§ Task brief: Retype the lines of the material below, exactly and only, from the one containing "bokomslag Global Economic" through the last line, with pictures left out.

§ Source data:

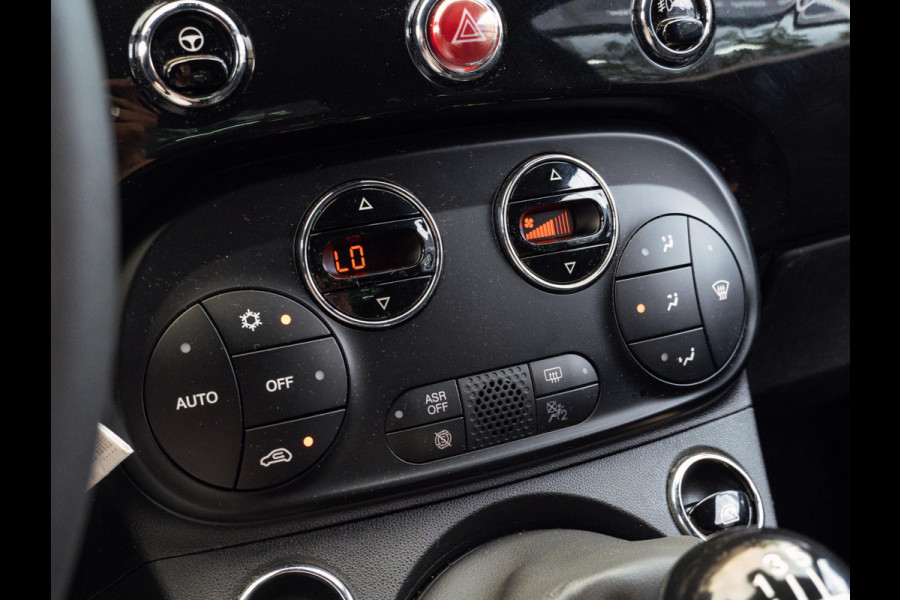 Fiat 500 1.0 Hybrid Urban|Airco|Navi|Velgen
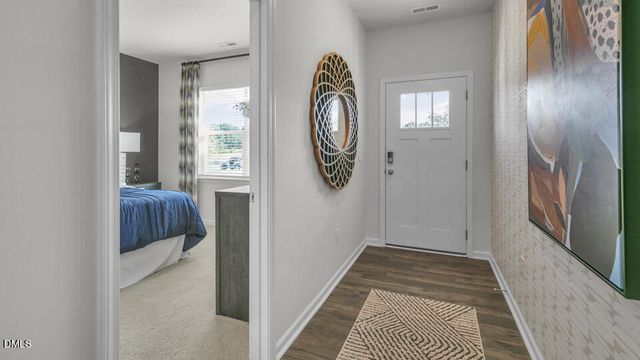 187 Reagan Crest Drive, Clayton, NC 27520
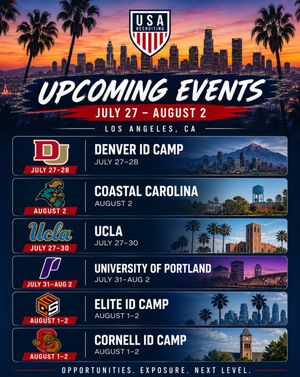 Image post by @usarecruiting on Instagram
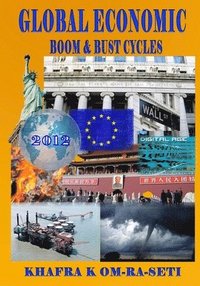 bokomslag Global Economic Boom & Bust Cycles: The Great Depression and Recovery of the 21st Century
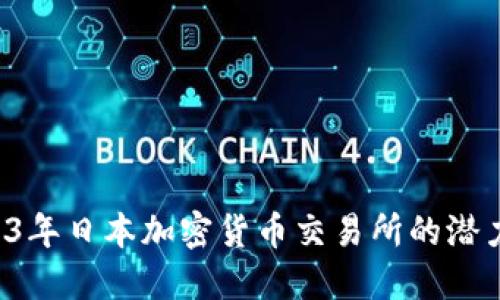 揭示2023年日本加密货币交易所的潜力与挑战！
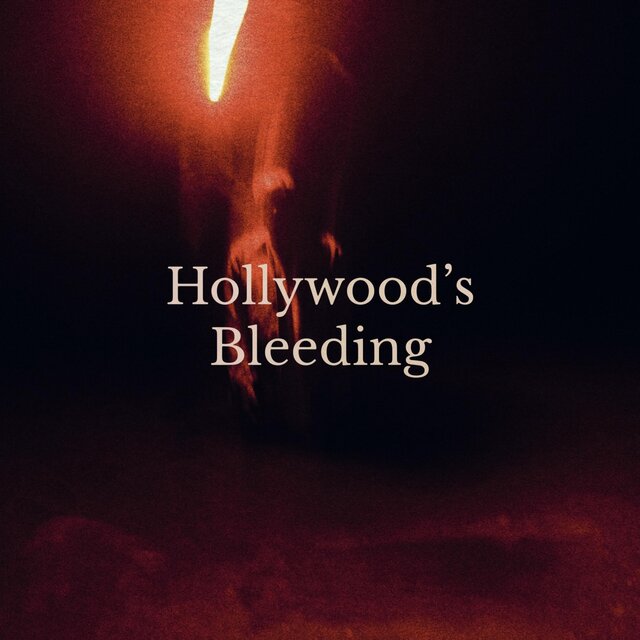 Hollywoods Bleeding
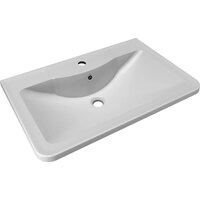  Misty Тумба с умывальником Атлантик 70 П-Атл-01070-011П2Я+10.020.00700.001 - Превью изображения №4 — Интернет-магазин ПроЗаказ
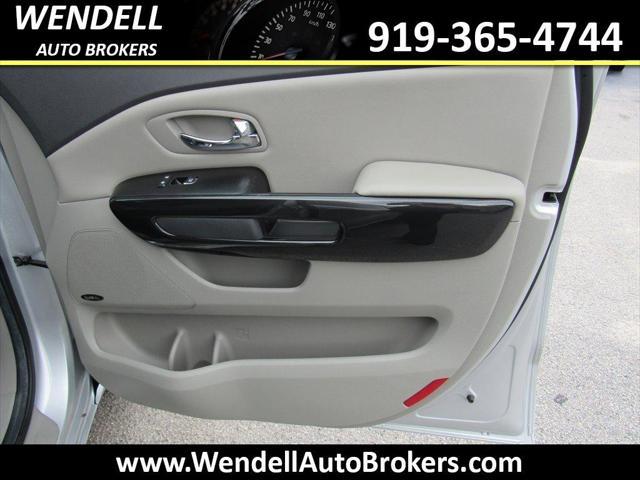 used 2016 Kia Sedona car, priced at $15,485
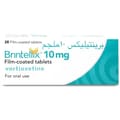 Brintellix 10 mg 28 tab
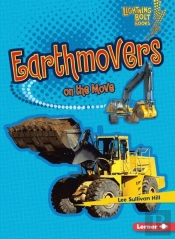 Earthmovers On The Move
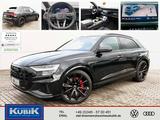 Audi SQ8 competition plus 4,0 TFSI quattro+Carbon+ - Audi SQ8 mit Benzin-Antrieb: Automatik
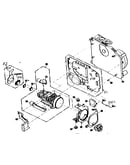 Lens assy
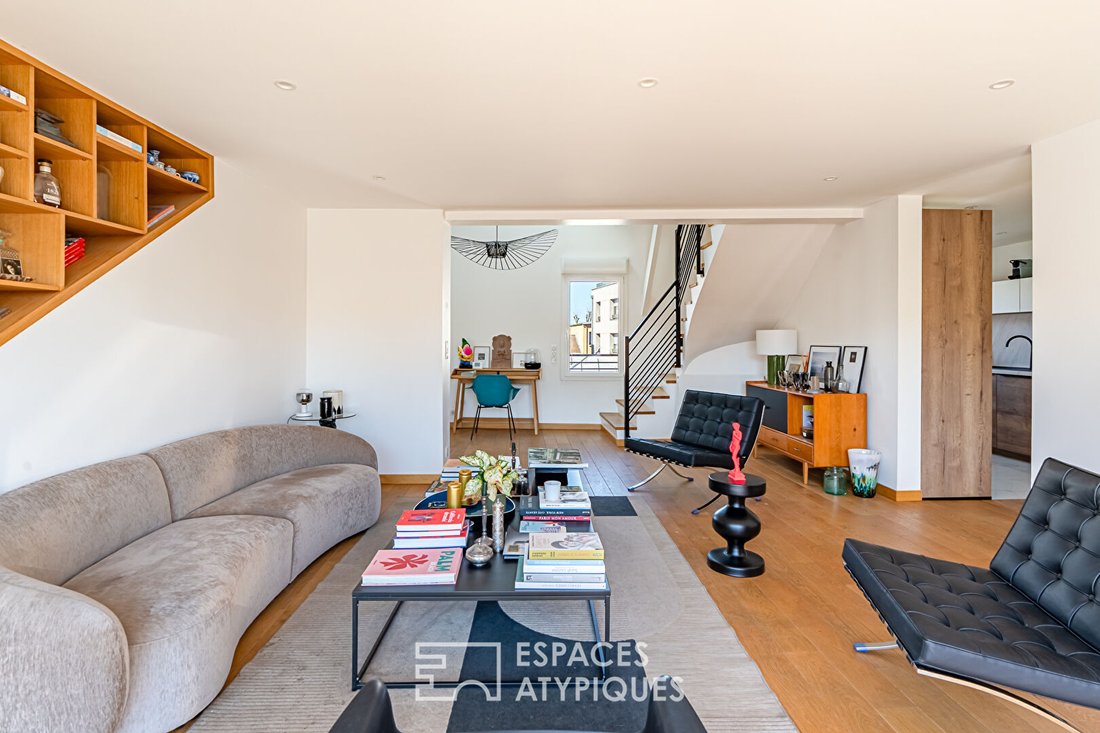 Appartement à Nord Résidentiel, Enghien-les-Bains, France 4 - 18360916
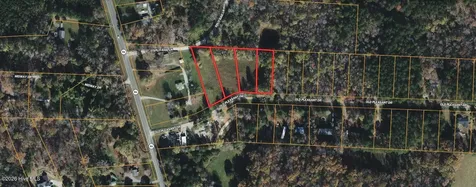 0 Old Pleasant Drive Hillsborough NC 27278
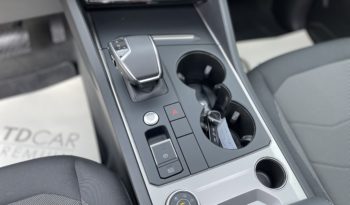 VW Touareg 3.0 Tdi 231 Highline 4Motion Tiptronic Toit Ouvrant complet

§ Task response:
 bokomslag Global Economic Boom & Bust Cycles: The Great Depression and Recovery of the 21st Century
 揭示2023年日本加密货币交易所的潜力与挑战！
 Hollywoods Bleeding
  Misty Тумба с умывальником Атлантик 70 П-Атл-01070-011П2Я+10.020.00700.001 - Превью изображения №4 — Интернет-магазин ПроЗаказ
 used 2016 Kia Sedona car, priced at $15,485
 Brintellix 10 mg 28 tab
 Earthmovers On The Move
 Audi SQ8 competition plus 4,0 TFSI quattro+Carbon+ - Audi SQ8 mit Benzin-Antrieb: Automatik
 Lens assy
 Appartement à Nord Résidentiel, Enghien-les-Bains, France 4 - 18360916
 0 Old Pleasant Drive Hillsborough NC 27278
 VW Touareg 3.0 Tdi 231 Highline 4Motion Tiptronic Toit Ouvrant complet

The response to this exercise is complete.